On Demand Parsing in Clang
#clang#compiler#parsing#performance#memory-optimization#cling
Clang, like any C++ compiler, parses a sequence of characters as they appear,
linearly. The linear character sequence is then turned into tokens and AST
before lowering to machine code. In many cases the end-user code uses a small
portion of the C++ entities from the entire translation unit but the user
still pays the price for compiling all of the redundancies.

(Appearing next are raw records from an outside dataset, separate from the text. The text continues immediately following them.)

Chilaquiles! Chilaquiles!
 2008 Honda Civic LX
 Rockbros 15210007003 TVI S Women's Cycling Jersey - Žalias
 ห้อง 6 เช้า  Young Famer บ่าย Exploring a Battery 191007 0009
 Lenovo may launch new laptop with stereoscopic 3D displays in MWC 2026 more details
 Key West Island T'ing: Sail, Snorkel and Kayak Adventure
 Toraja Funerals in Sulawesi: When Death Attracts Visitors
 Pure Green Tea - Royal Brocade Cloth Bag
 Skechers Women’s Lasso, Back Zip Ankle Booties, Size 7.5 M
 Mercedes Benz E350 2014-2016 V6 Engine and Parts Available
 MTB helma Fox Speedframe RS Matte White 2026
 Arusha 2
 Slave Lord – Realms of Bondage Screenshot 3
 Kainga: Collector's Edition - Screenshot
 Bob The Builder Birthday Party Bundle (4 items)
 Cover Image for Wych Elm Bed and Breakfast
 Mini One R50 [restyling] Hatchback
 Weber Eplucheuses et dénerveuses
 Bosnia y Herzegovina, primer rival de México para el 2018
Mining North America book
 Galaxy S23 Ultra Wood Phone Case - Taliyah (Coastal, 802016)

This project proposes to process the heavy compiling C++ entities upon using
them rather than eagerly. This approach is already adopted in Clang’s CodeGen
where it allows Clang to produce code only for what is being used. On demand
compilation is expected to significantly reduce the compilation peak memory
and improve the compile time for translation units which sparsely use their
contents. In addition, that would have a significant impact on interactive
C++ where header inclusion essentially becomes a no-op and entities will be
only parsed on demand.
The Cling interpreter implements a very naive but efficient cross-translation
unit lazy compilation optimization which scales across hundreds of libraries
in the field of high-energy physics.
// A.h
#include <string>
#include <vector>
template <class T, class U = int> struct AStruct {
void doIt() { /*...*/ }
const char* data;
// ...
};
template<class T, class U = AStruct<T>>
inline void freeFunction() { /* ... */ }
inline void doit(unsigned N = 1) { /* ... */ }
// Main.cpp
#include "A.h"
int main() {
doit();
return 0;
}
This pathological example expands to 37253 lines of code to process. Cling
builds an index (it calls it an autoloading map) where it contains only
forward declarations of these C++ entities. Their size is 3000 lines of code.
The index looks like:
// A.h.index
namespace std{inline namespace __1{template <class _Tp, class _Allocator> class __attribute__((annotate("$clingAutoload$vector"))) __attribute__((annotate("$clingAutoload$A.h"))) __vector_base;
}}
...
template <class T, class U = int> struct __attribute__((annotate("$clingAutoload$A.h"))) AStruct;
Upon requiring the complete type of an entity, Cling includes the relevant
header file to get it. There are several trivial workarounds to deal with
default arguments and default template arguments as they now appear on the
forward declaration and then the definition. You can read more here.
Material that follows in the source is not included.